Products in the current market have no products for evaluating the conditions of language disorder patients, the evaluation of the language disorder patients is based on artificial and face-to-face evaluation, artificial professional disparities exist in the technology, a unified standard does not exist, and certain influence can be generated on the accuracy of an evaluation result; on the other hand, the existing voice guidance system on the market is complex in device, and needs to prepare various hardware facilities such as a correction device, a projection device, an earphone and a headset, and the correction device is formed by combining unit devices such as a recording unit, a playing unit, a display unit, and a storage unit, so that the device is complicated and one person must set the device.

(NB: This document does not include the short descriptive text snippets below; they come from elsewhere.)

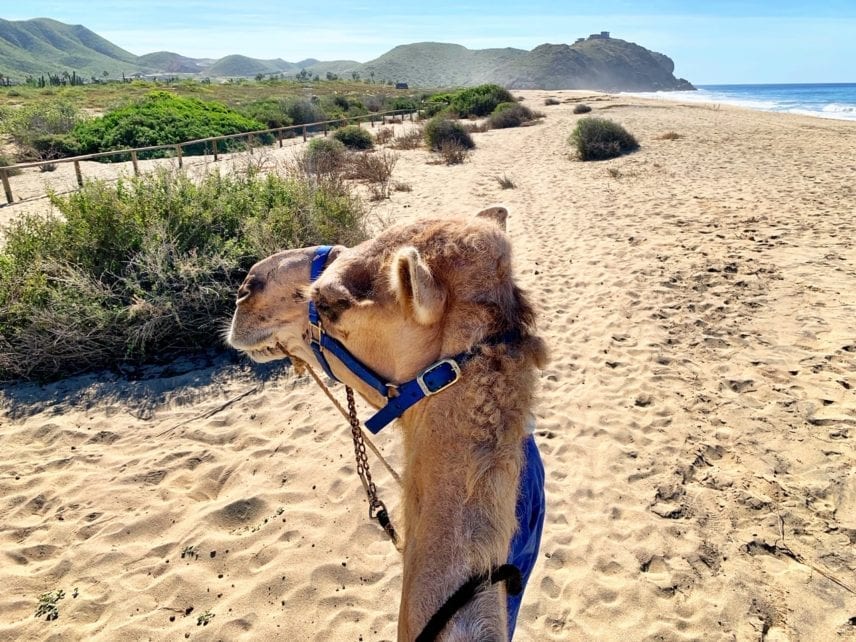 Camel Cabo Mexico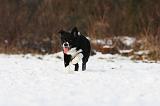 BORDER COLLIE 1173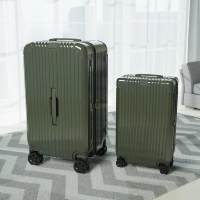 Кактус Зеленый-[Прямая доставка из Сан-Франциско к вам домой]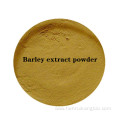 Factory price Barley extract ingredients powder for sale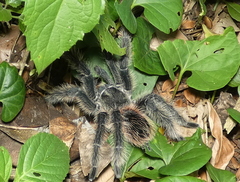 Lasiodora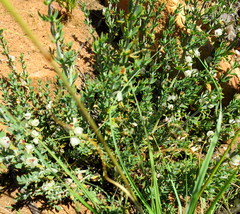 Pollichia campestris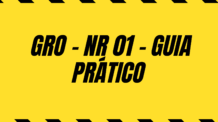 Guia Prático para Elaboração do PGR da NR-1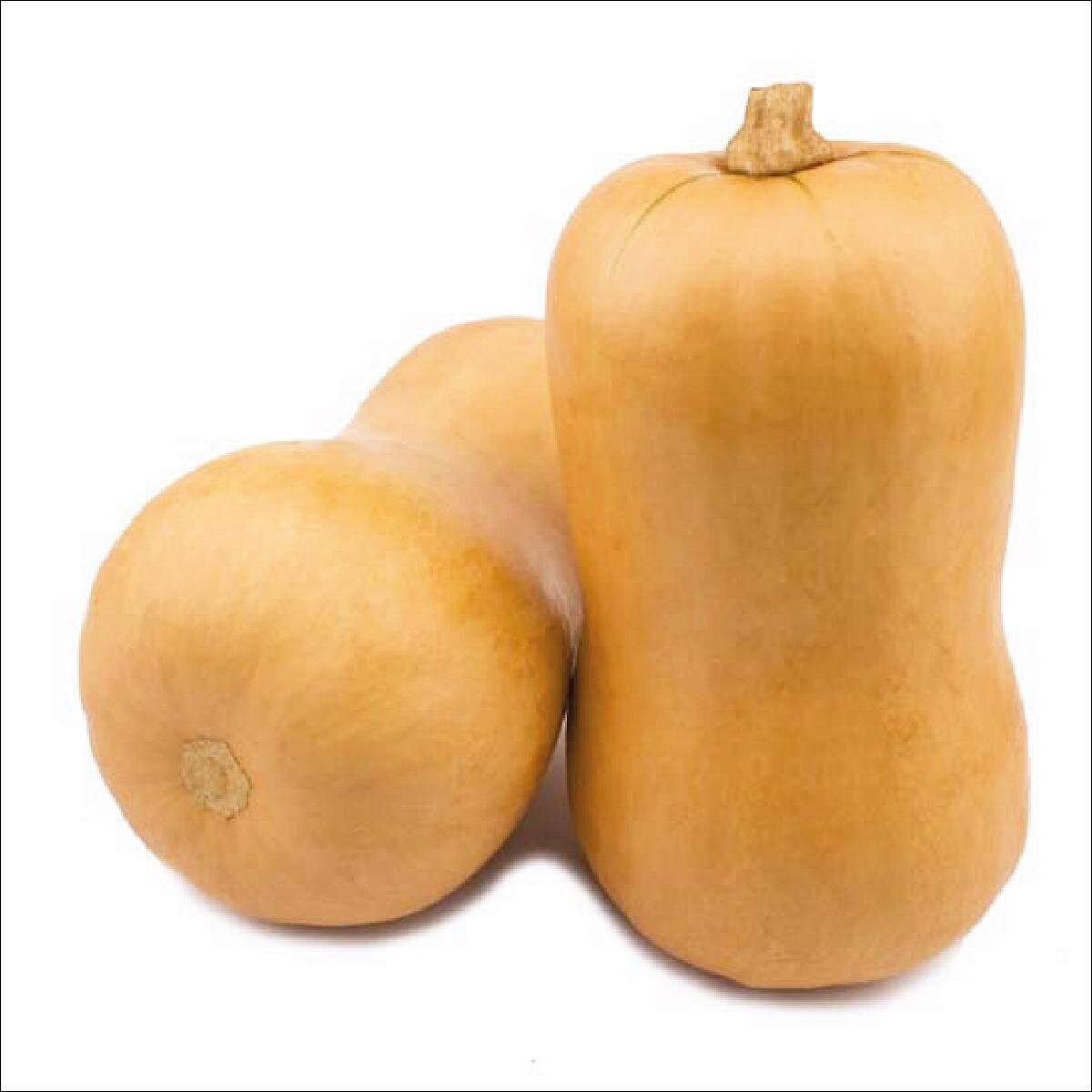 BUTTERNUT PUMPKIN LARGE (WHOLE EACH)
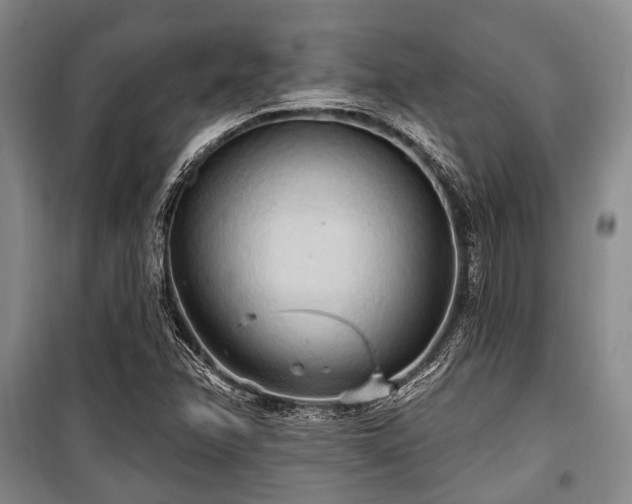 X0000100471358200806131118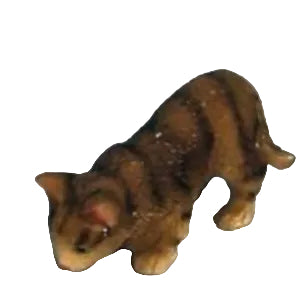Tabby Cat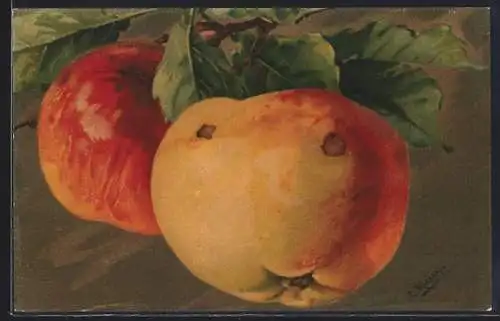 Künstler-AK Catharina Klein: Reife Äpfel am Zweig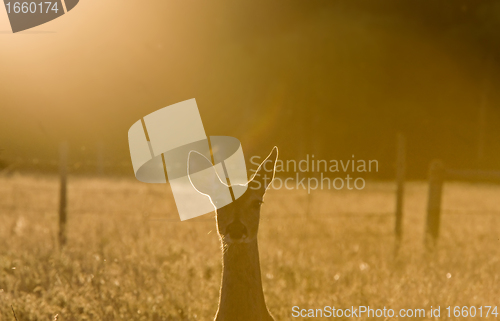 Image of Deer in a field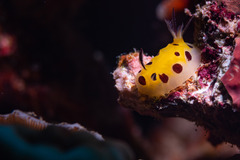 Halgerda brunneomaculata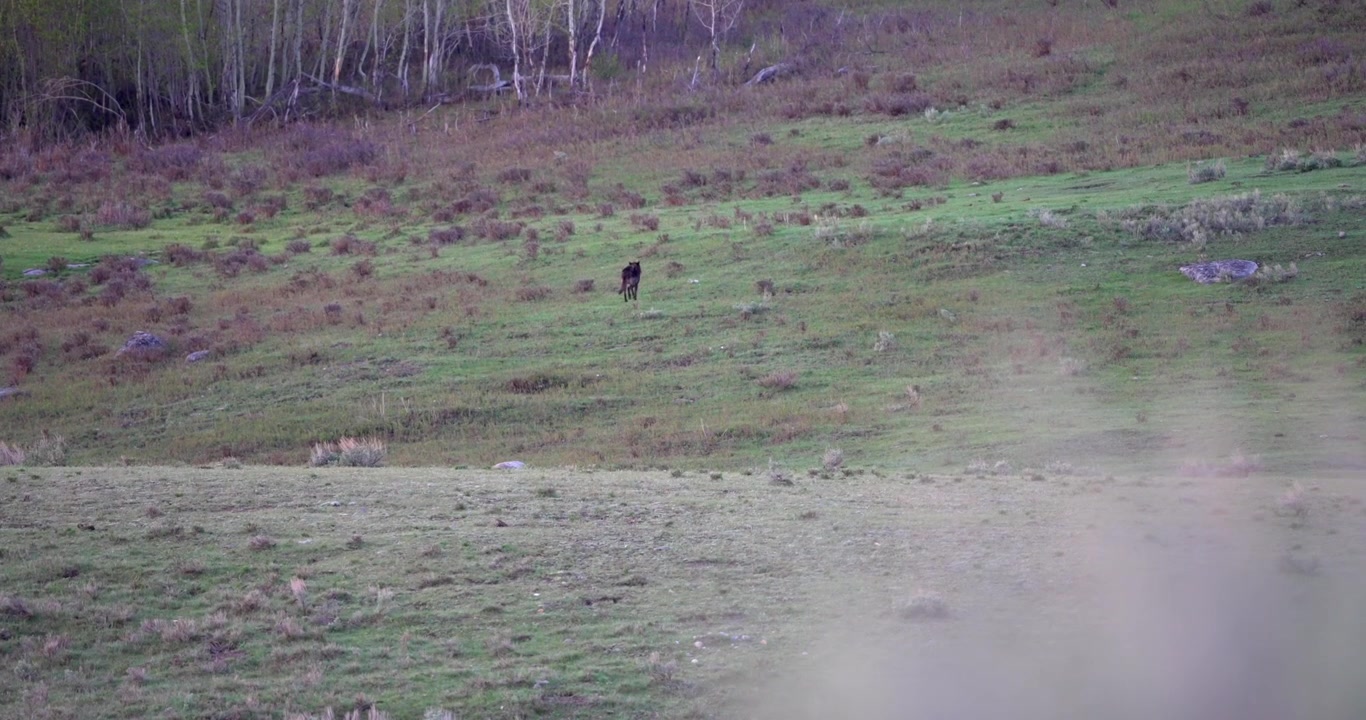 Ampia inquadratura paesaggistica di un lupo grigio solitario che si ferma brevemente prima di girarsi di lato e allontanarsi. Filmato naturalistico cinematografico catturato in una valle nordamericana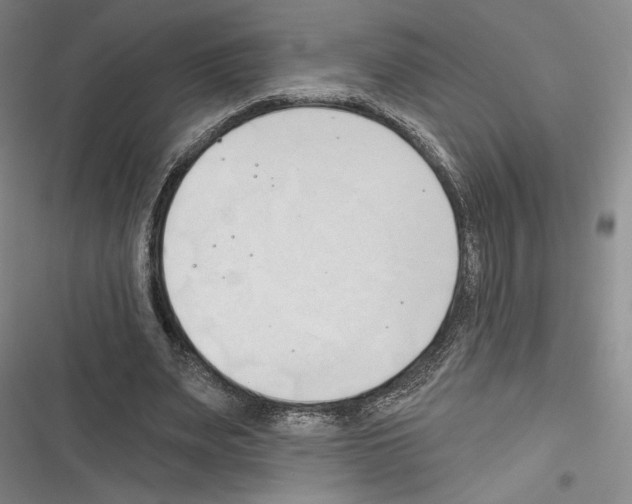 X0000116320487201001131006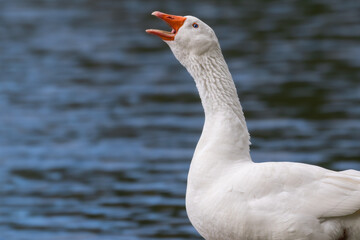 Closeup of a ddomestic goose honking.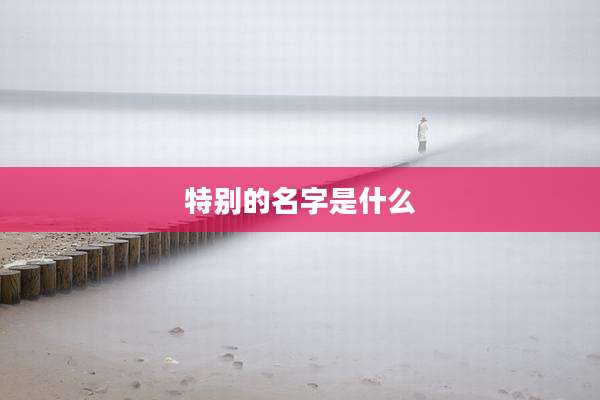 特别的名字是什么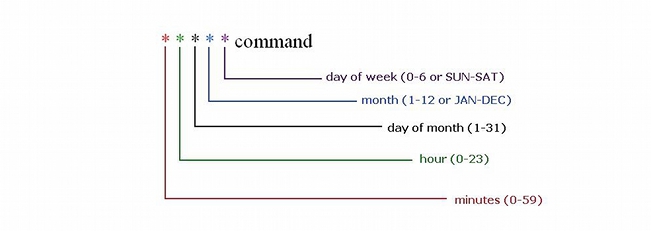 Cron Expression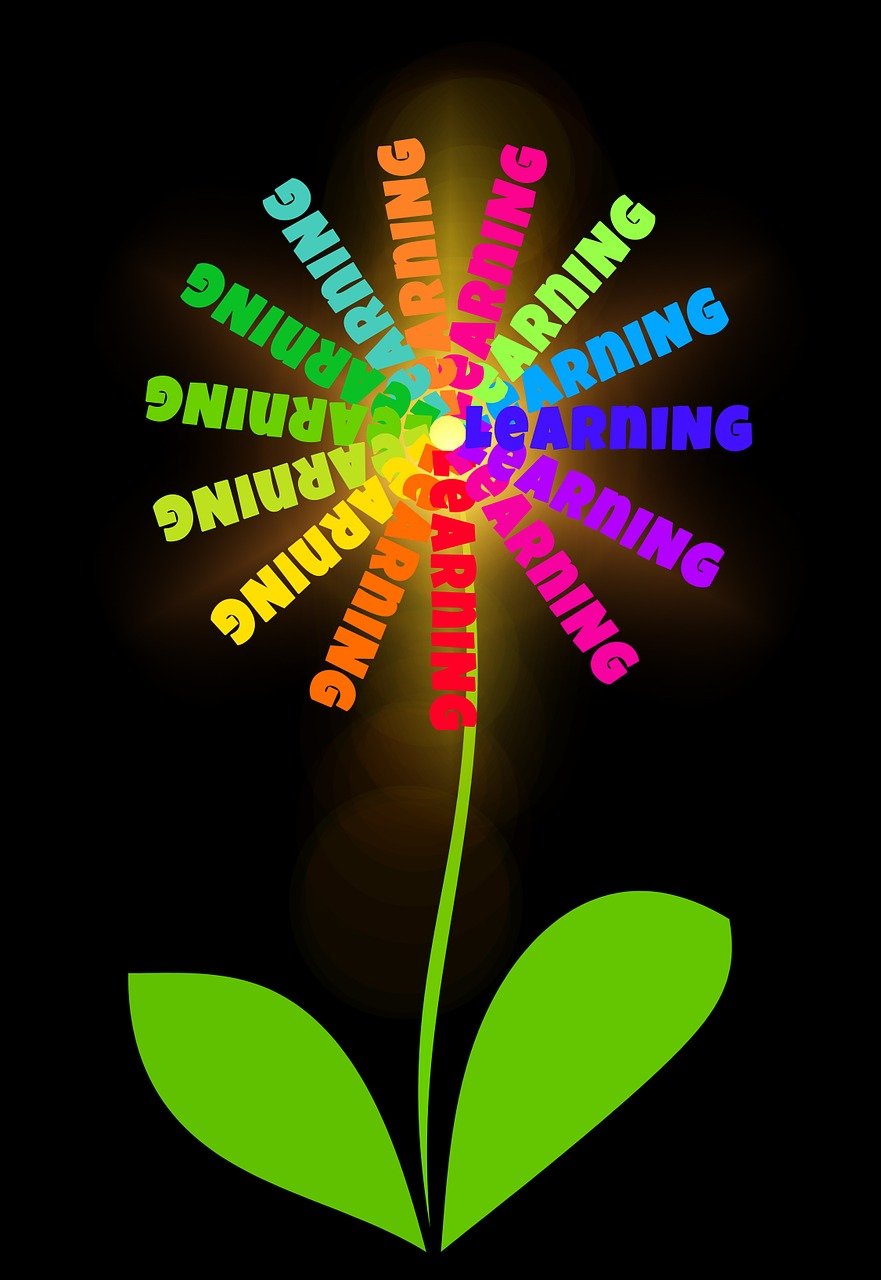 陳喬恩事業(yè)與生活新動(dòng)態(tài)，多彩篇章繼續(xù)展開(kāi)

The setting of one auxiliary device is not only high in equipment cost and has no great advantages compared with the one-to-one professional guidance of personnel configuration relative to the next, but also has no pertinence to the correction process of a language barrier, and the process is not strict, which is the defects of high cost, difficult operation, region limitation and the like of the traditional evaluation system, so that the language barrier evaluation and correction system is needed to solve the problems.
Disclosure of Invention
The invention provides a language barrier evaluation and correction system, which saves complex operations of equipment and manual work, fills the blank of digitalization of the evaluation system, has the advantage of facilitating language evaluation and correction of an evaluated person at any time and any place, and solves the problems of no pertinence in the correction process of a language barrier, non-rigorous process, high cost, difficult operation, region limitation and the like of the evaluation system in the prior art.
The invention provides the following technical scheme: a language barrier assessment and correction system comprises an input module, a recording module, a storage module, a processing module, a comparison module, a display module and a playing module, wherein the input module is used for inputting external audio signals, the recording module is used for recording the external audio signals, the storage module is used for storing the audio signals, the processing module is used for converting data to be compared into types capable of being compared, the comparison module is used for comparing the data converted into the same type to generate a comparison similarity, the display module is used for displaying the data to be seen by a user, the playing module is used for clicking the audio to be played by the user, the storage module stores standard pronunciation audio in a file folder in advance, a database only stores respective paths of the standard pronunciation audio and presents the paths to the user for clicking one by one through a circular traversal method, click the corresponding audio frequency of broadcast when the user, can hear the standard pronunciation audio frequency that has deposited, hear corresponding audio frequency back user will follow up reading, the sound that the user said will be recorded to the recording module, and pass through storage module stores to this is as outside audio signal, simultaneously, the record is clicked the audio frequency of broadcast and is regarded as inside audio signal, the recording module can record including the recording module can record the correct pronunciation including unit sound final, compound vowel final and consonant initial, and pass through storage module saves as picture annotation adds the video file of pronunciation.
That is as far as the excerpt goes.